[[ Provided records open ]]

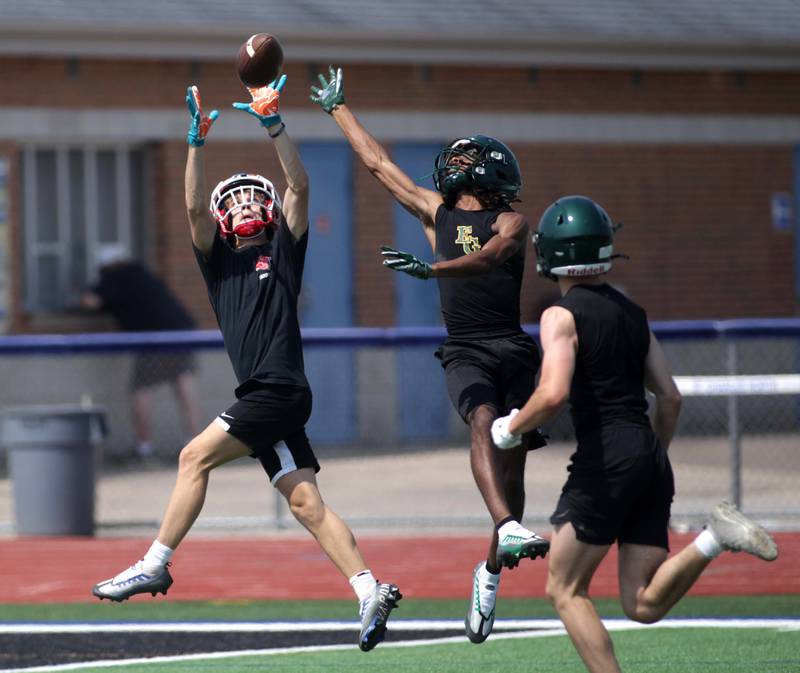 A Yorkville player (left) reaches for the catch during a 7-on-7 football game against Elk Grove at St. Charles North on Thursday, June 22, 2023.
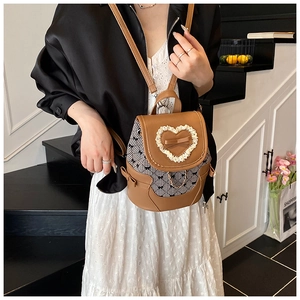 Detail of fashion bow backpack with heart lace and gold chain on leather and plaid fabric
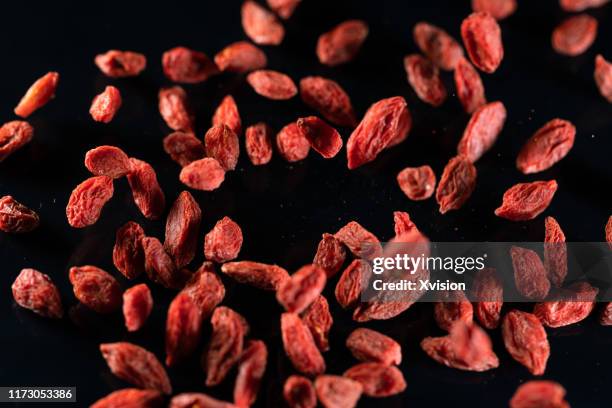 chinese wolfberry flying in mid air captured with high speed sync. - goji berry stock pictures, royalty-free photos & images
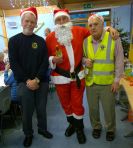 Lions Tom and Ron with Lion Santa Bob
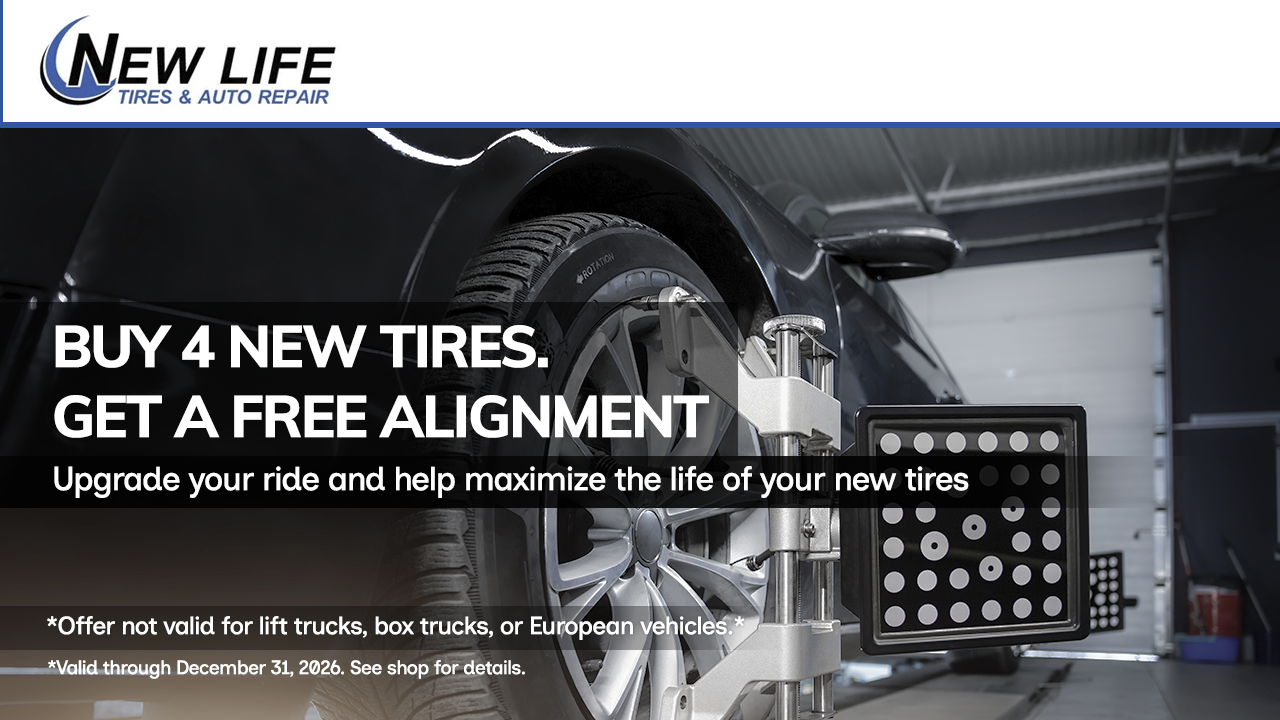 New Life Tire ad: buy 4 new tires, get a free alignment in a tire shop garage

[[ Provided records closed ]]

» How to complete this task
Your answer must be the lines from the one holding "Lions Tom and Ron with Lion Santa Bob" through the final line of the records above, exactly as written and without any pictures.

» Exercise answer
 Lions Tom and Ron with Lion Santa Bob
 New Life Tire ad: buy 4 new tires, get a free alignment in a tire shop garage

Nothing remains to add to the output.